To avert a potential financial catastrophe, this demanded serious soul-searching on the part of authorities and the Central Bank thought of establishing a special purpose vehicle, the Zimbabwe Asset Management Corporation (ZAMCO) with the aim of buying out NPLs from distressed banks and clean-up banks’ balance sheets.
Financial experts were sceptical, with fears that the move would perpetuate market indiscipline on the part of debtors to these NPLs, and the new Finance Minister, Mthuli Ncube in his maiden Budget Statement would call for its disbandment.
By 2017, NPLs had slipped to 8.63 percent from 20.5 percent in 2014, though despite this tremendous clean up, critics blamed the Governor for using public funds to clear the burden of a few bad debtors.
To date, 1 160 NPLs have been bought at a value of $ 1.13 billion, and this is public money that should have been channelled towards development.
Up next was the bond notes currency, which set the hallmark of Dr Mangudya’s tenure in office.
Initially, Dr Mangudya told the nation that the Bank had secured a US$ 200 million facility from the Cairo-based Afrexim Bank to improve liquidity on the market which would back the bond note currency and give it a 1:1 valuation with the American Dollar.
He went on to assure the nation that unlike his predecessor, he would not frequent the money printing machine beyond the $ 200 million.
For a little while it worked, but as the remaining USD currency further disappeared just as economic experts has earlier warned, another US$ 300 million worth of bond notes were printed and more followed.
Economic experts had earlier warned of the Gresham’s law, a concept where bad money (bond notes) drives out good money (USD) in an economy, to which Dr Mangudya in defense of his currency invention said, “If the bond notes fail, I will resign,”
Among other shortcomings, Dr Mangudya has been criticised for contracting debt for the Bank of close to US$ 2 billion from external creditors without seeking Parliamentary approval.
While the Reserve Bank Act states that the Governor through the Minister of Finance’s consent can secure lines of credit from external financiers on behalf of the RBZ, the Act remains subservient to the Constitution of Zimbabwe, which states that any external borrowing should get consent from Parliament.
While it is easy to criticise Dr Mangudya, it can only be fair to note that his is a difficult mandate, with a razor-thin margin between operating within the confines of a technocrat and finding yourself scatting on political territory.
Unlike like his predecessor, Dr Mangudya has managed to contain himself well, sticking to what he knows best, the economics.
Dr Mangudya remains one of the true patriots left, and in his execution of duty he shows a poignant approach to issues bedevilling this economy.
Before the new administration of President Emmerson Mnangagwa came in and gave a three month moratorium to all those suspected of having externalised funds from the market, Dr Mangudya had long warned of this sad development as early as 2014.
“We see huge sums of money being wired on a daily basis from our systems at the Central Bank.
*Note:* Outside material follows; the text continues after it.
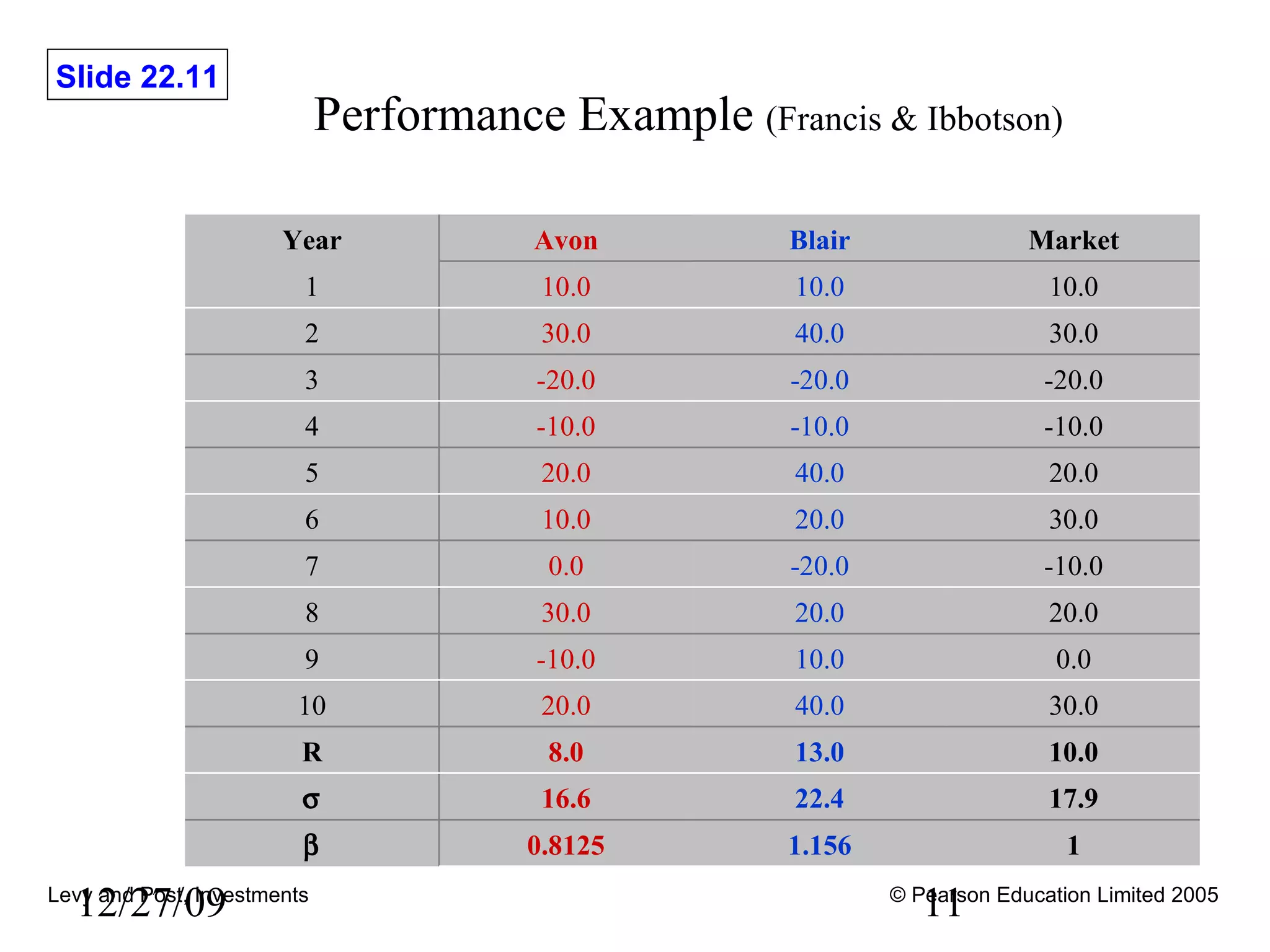 Performance Example  (Francis & Ibbotson)   12/27/09 Year Avon Blair Market 1 10.0 10.0 10.0 2 30.0 40.0 30.0 3 -20.0 -20.0 -20.0 4 -10.0 -10.0 -10.0 5 20.0 40.0 20.0 6 10.0 20.0 30.0 7 0.0 -20.0 -10.0 8 30.0 20.0 20.0 9 -10.0 10.0 0.0 10 20.0 40.0 30.0 R 8.0 13.0 10.0  16.6 22.4 17.9  0.8125 1.156 1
You wonder what business is being conducted here,’ he said back then.
As it later turned political, post November 2017, externalisation was real but needed political will from higher offices than his to deal with the scourge.
Dr Mangudya begins his second tenure with much sophisticated problems.
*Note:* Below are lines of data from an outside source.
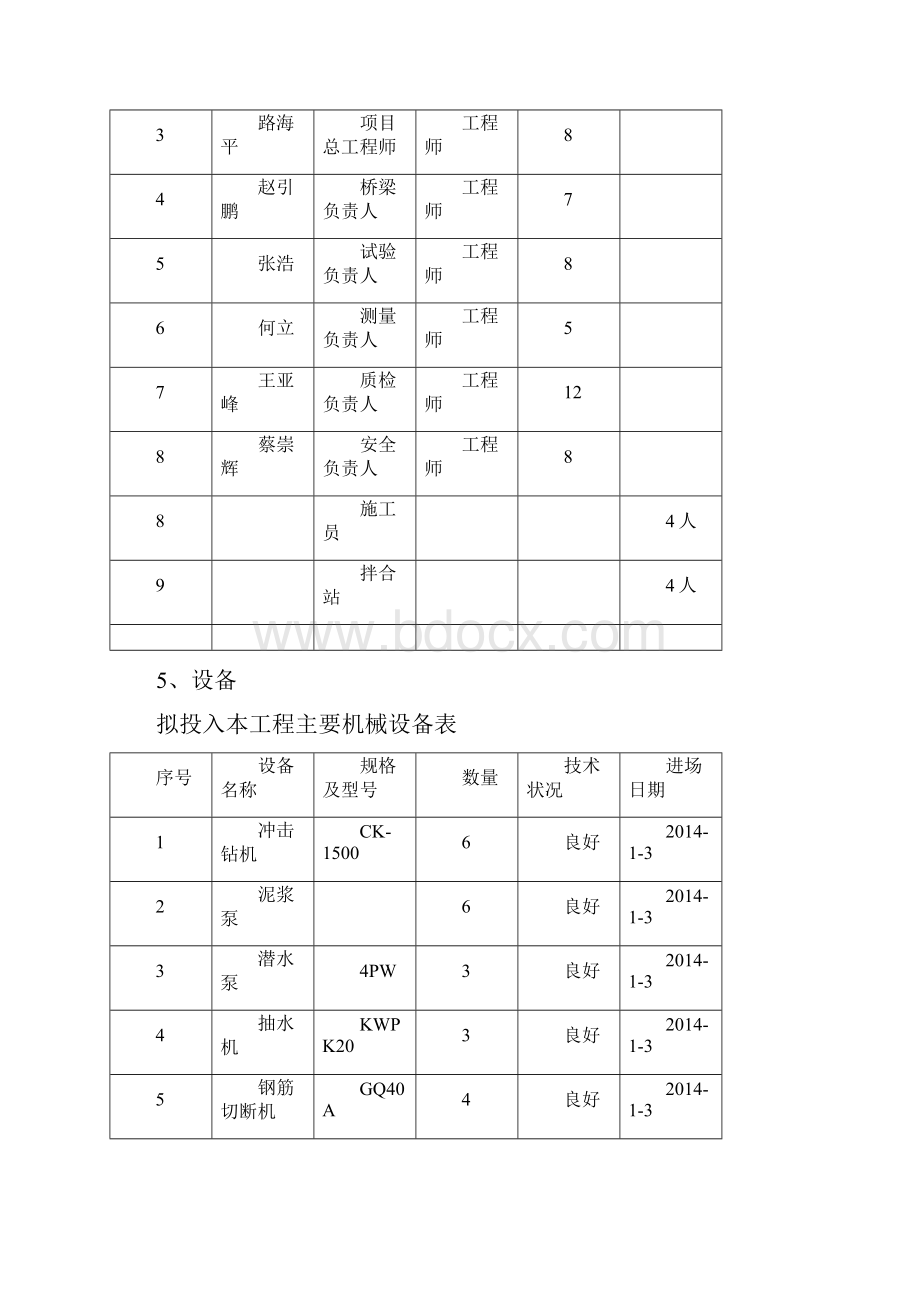 水下灌注桩专项施工方案新.docx_第3页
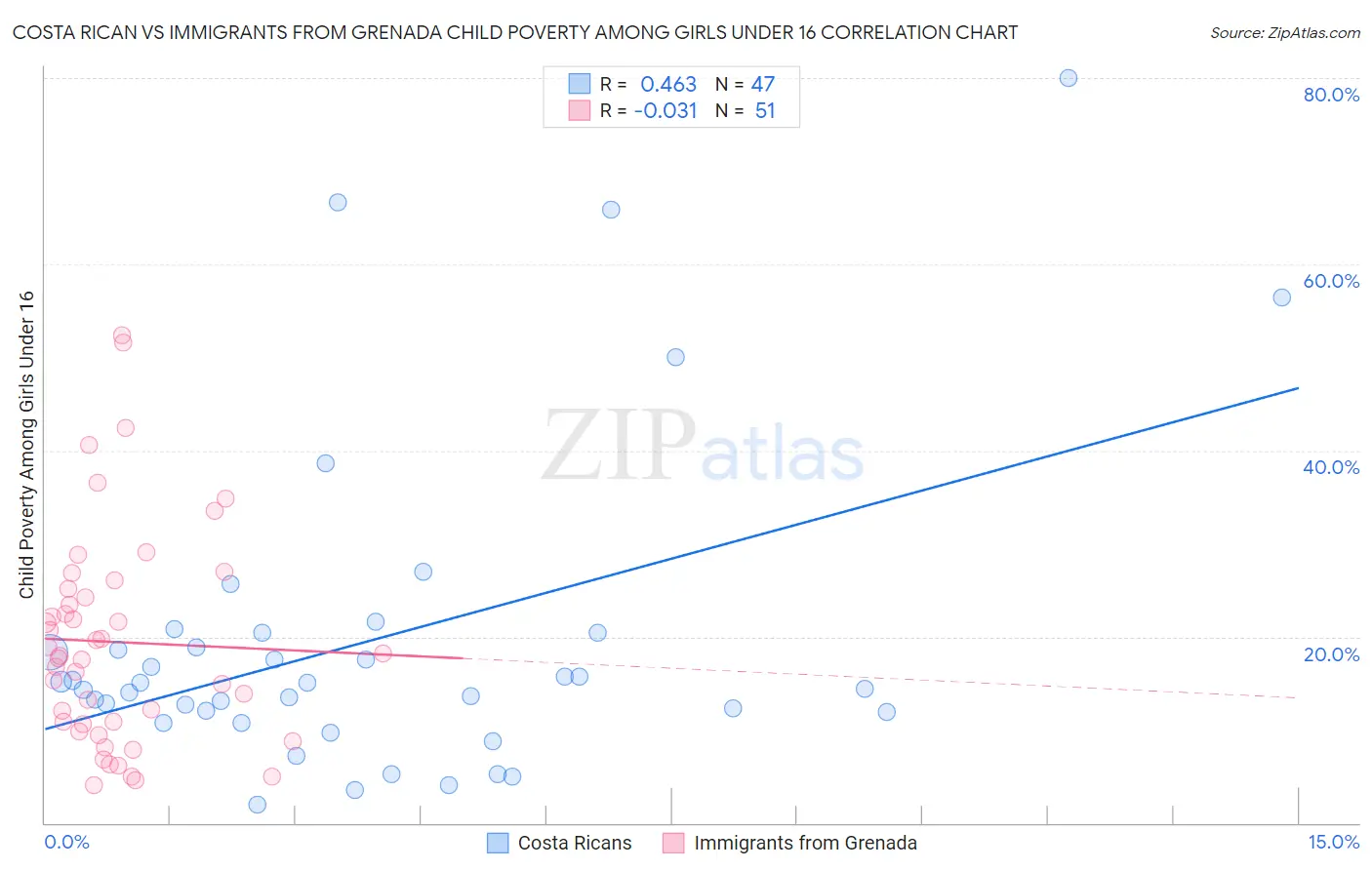 Costa Rican vs Immigrants from Grenada Child Poverty Among Girls Under 16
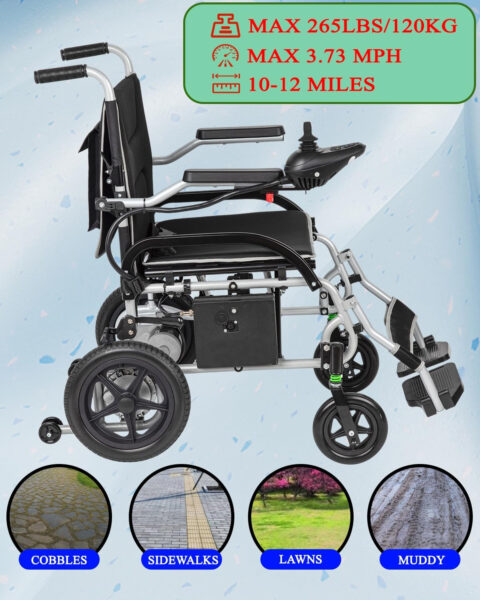 Super Lightweight 37.5lbs Foldable Electric Wheelchairs for Adults and Seniors – Portable Motorized Wheelchair-360W Motor -Dual Battery Hanger fit for Right Left User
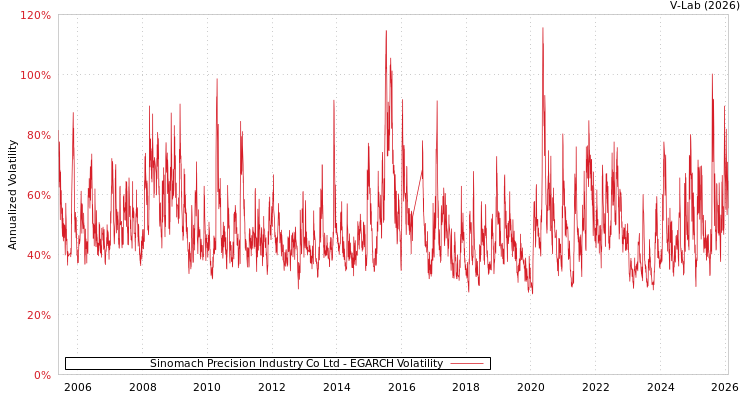 graph of Sinomach Precision Industry Co Ltd EGARCH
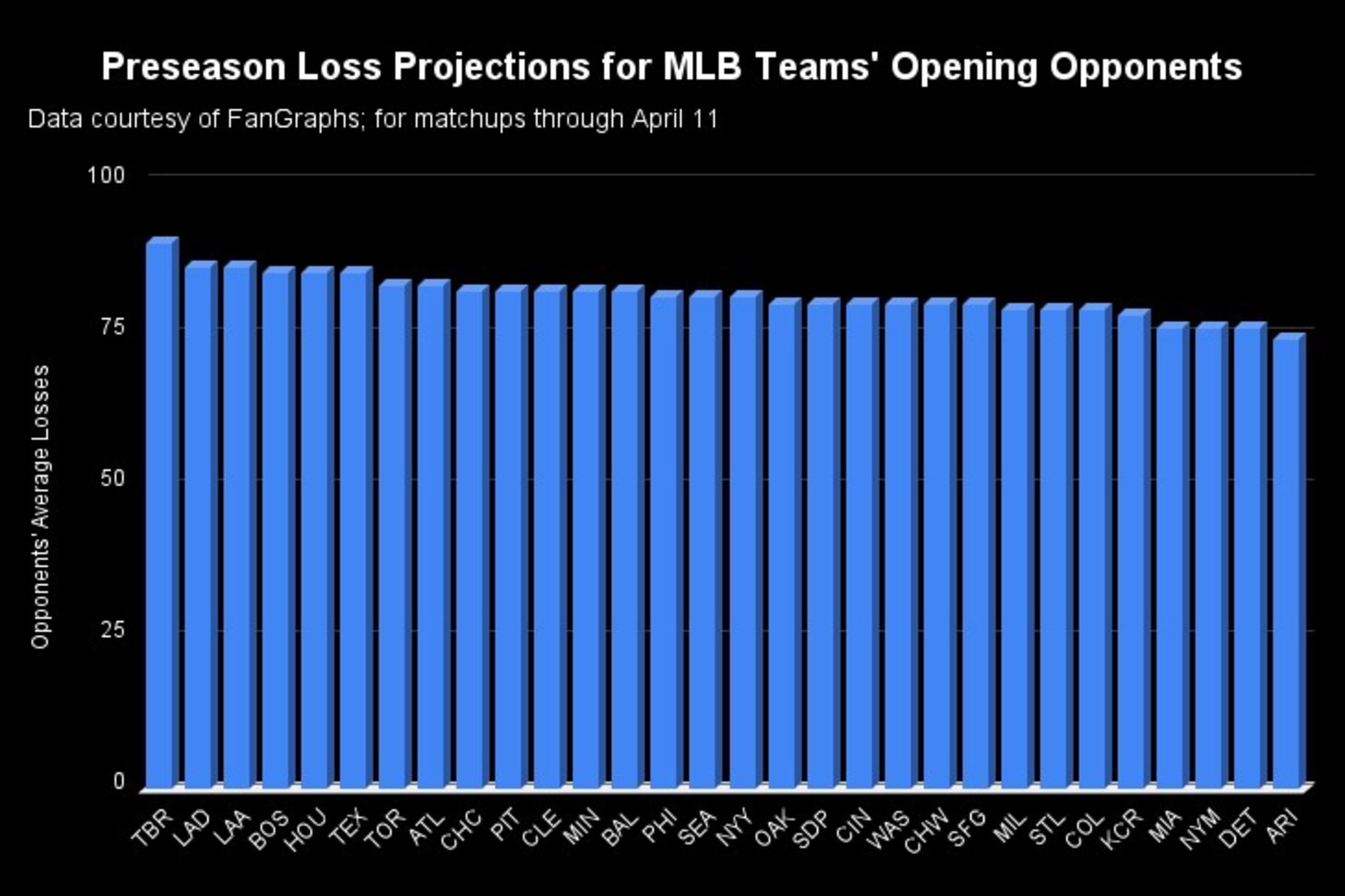 The Red-Hot Rays Must Be Taken Seriously as AL Favorites over Yankees,  Astros, News, Scores, Highlights, Stats, and Rumors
The country’s foreign reserves are depleted, inflation is sky-rocketing, fuel challenges and a huge confidence deficiency in the economy.
One of his major forte is that Dr Mangudya is a defiant man, who sticks to his guns until he achieves what he set out to do just as he sanitised the banking sector of NPLs in the face of criticism to introducing the bond note currency which has managed to sustain this economy ever since the greenback disappeared from the market.
With analysts saying focus should be shifted towards building foreign reserves to sustain the transition to the new RTGS Currency, and also tackle the foreign exchange conundrum, the verdict has been cast, and Mangudya has a chance to do right his past wrongs.